* **Available data**:
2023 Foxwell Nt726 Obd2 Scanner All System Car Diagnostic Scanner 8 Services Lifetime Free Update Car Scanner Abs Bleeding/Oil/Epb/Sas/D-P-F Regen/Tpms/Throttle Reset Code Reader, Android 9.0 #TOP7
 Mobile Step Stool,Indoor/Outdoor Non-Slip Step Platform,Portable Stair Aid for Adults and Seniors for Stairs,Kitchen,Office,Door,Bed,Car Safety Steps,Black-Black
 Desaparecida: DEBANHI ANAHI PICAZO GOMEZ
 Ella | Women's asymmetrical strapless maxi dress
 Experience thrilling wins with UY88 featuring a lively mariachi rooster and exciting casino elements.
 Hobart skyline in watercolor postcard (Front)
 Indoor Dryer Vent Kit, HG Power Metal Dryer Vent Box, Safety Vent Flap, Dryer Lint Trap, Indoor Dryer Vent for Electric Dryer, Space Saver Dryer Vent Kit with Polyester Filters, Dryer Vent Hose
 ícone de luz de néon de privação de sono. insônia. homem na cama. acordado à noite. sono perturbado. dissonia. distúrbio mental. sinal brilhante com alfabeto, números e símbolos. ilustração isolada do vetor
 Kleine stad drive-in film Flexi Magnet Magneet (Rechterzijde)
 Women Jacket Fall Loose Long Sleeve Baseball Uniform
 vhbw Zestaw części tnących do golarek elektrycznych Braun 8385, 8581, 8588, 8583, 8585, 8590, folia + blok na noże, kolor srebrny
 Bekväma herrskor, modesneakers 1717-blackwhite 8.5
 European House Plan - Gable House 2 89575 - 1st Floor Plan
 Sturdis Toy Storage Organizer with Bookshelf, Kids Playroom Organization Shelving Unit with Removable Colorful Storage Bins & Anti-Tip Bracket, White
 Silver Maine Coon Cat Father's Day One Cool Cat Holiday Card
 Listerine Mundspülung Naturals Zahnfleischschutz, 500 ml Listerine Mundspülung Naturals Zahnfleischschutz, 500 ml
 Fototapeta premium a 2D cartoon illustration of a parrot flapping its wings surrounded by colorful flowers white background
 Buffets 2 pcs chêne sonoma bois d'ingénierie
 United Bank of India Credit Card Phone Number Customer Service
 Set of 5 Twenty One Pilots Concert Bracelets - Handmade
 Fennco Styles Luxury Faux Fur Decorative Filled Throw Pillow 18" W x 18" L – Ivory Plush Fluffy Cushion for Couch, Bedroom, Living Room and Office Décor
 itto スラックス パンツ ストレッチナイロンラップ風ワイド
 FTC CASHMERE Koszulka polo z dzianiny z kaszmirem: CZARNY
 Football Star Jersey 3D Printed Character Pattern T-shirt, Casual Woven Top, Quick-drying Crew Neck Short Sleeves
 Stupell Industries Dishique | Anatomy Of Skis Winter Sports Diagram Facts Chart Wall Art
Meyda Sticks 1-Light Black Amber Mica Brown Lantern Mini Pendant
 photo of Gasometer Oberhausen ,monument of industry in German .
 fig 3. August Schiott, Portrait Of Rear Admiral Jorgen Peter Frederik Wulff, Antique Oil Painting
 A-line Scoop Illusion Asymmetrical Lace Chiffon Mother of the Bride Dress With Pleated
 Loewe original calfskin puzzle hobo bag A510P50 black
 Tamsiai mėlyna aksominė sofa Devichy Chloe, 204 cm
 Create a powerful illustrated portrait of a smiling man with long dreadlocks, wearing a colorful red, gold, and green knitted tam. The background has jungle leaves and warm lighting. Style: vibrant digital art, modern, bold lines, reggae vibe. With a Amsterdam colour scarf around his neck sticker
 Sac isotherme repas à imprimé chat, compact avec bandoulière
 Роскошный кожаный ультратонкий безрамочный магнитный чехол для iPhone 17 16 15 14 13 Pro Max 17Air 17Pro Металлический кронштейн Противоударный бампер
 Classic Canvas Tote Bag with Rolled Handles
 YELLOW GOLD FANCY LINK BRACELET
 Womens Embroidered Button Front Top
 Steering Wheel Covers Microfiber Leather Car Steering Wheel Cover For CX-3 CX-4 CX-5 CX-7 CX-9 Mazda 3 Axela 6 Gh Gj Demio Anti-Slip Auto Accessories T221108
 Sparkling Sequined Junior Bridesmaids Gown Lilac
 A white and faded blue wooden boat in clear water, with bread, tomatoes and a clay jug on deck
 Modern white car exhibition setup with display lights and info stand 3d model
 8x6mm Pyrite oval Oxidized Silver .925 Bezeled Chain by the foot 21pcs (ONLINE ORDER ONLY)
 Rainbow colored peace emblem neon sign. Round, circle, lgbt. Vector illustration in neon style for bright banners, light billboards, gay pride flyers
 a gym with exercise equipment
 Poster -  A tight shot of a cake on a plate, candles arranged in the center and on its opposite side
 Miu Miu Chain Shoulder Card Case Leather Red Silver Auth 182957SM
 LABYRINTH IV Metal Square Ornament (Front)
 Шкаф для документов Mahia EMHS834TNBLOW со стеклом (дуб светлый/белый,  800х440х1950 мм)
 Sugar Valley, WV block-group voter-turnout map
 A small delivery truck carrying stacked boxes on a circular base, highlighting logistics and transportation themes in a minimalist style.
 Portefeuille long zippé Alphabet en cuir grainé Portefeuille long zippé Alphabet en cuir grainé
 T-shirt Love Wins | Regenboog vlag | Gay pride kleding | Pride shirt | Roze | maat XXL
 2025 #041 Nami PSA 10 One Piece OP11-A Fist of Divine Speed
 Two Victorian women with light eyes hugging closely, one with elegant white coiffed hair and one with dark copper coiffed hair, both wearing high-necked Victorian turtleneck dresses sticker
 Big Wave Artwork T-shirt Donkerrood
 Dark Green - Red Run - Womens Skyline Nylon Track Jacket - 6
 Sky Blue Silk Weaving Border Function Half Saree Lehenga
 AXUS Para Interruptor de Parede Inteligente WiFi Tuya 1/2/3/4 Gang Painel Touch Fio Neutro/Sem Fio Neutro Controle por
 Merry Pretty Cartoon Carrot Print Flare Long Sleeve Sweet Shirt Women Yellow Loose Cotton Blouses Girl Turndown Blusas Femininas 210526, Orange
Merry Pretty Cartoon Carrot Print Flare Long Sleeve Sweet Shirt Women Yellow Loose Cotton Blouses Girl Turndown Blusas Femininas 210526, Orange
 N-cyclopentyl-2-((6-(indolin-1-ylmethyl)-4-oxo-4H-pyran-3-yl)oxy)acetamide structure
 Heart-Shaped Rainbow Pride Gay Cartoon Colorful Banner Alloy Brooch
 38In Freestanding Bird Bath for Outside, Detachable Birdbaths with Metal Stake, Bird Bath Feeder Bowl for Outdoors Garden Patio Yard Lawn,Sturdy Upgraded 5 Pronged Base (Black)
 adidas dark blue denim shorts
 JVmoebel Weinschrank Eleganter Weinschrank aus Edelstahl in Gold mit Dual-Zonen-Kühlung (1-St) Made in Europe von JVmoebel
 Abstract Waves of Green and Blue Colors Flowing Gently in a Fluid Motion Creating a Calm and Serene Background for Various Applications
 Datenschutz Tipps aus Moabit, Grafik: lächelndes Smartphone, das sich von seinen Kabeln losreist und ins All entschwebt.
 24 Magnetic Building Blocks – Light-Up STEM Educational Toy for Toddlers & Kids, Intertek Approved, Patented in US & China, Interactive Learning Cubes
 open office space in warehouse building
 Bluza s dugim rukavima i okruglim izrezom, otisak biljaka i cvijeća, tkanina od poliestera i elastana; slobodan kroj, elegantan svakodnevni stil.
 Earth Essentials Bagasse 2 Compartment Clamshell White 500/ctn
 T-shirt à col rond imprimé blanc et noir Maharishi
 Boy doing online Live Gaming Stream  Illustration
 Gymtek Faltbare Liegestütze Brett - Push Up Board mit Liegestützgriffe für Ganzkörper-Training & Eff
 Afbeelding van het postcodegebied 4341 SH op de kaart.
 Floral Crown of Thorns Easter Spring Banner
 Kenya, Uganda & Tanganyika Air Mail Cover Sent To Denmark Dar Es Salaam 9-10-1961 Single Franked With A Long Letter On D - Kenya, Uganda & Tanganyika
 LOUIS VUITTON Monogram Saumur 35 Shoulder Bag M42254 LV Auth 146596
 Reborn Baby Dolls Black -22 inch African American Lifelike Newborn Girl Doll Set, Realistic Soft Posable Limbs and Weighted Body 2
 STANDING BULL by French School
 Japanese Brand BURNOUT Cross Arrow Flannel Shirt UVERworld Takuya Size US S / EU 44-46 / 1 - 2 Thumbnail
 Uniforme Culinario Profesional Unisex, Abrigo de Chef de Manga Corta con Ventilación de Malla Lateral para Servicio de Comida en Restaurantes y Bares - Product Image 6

* **Exercise objective**: In the records above, how many lines include "Merry"? Answer with the number alone.

* **Answer to the exercise**: 2